Manitius był warszawskim ekonomistą, człowiekiem wielu talentów, którego bardziej ciągnęło do projektowania i tworzenia niż liczenia. W 1926 roku założył na Pradze Wytwórnię Zabawek samemu je projektując, mimo że nie miał stosownego wykształcenia. To właśnie w niej powstało sto lat temu pierwsze jajko niespodzianka – drewniane, wypełnione słodyczami.
Drewniane zabawki, wydrążone figurki zwierząt były największym hitem firmy. Z tak nietypowego opakowania korzystały firmy cukiernicze np. Wedel, ale także inne, szukające ciekawych gadżetów reklamowych. Zabawki cieszyły się ogromnym uznaniem, trafiły nawet na wystawę światową w Nowym Jorku w 1939 roku. Niestety, wybuch wojny uniemożliwił właścicielowi wzięcie w niej udziału. Firma przetrwała wojnę, została znacjonalizowana w 1950 roku i istniała do śmierci Edwarda Manitiusa (1975) produkując zabawki edukacyjne.

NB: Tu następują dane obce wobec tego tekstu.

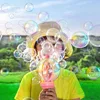 Fully Automatic Bubble Machine Rocket Electric Soap Bubble Gun Boys Girls Toys Children's Day Gift for Outdoor Party Playtime 5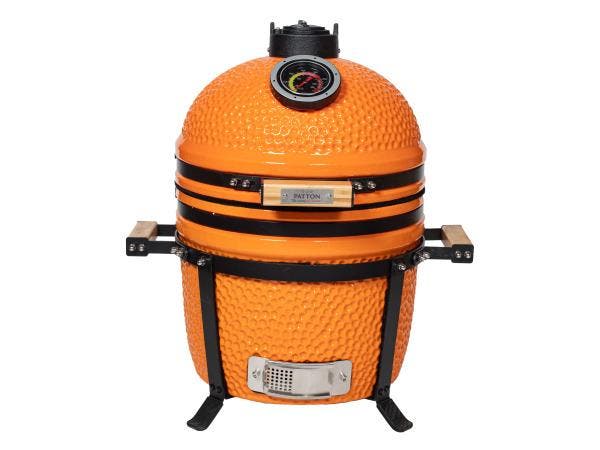 Veiling - Patton Kamado 15 inch Oranje, Tuin en Terras, Houtskoolbarbecues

Ten niezwykły projektant i przedsiębiorca związany był z Kielcami, bo po I wojnie światowej jego ojciec, Ludwik Manitius pracował w tutejszej hucie Ludwików nadzorując emaliernię a jego siostra wyszła za mąż, za kielczanina Jana Kłodawskiego, zapalonego fotografa i regionalistę.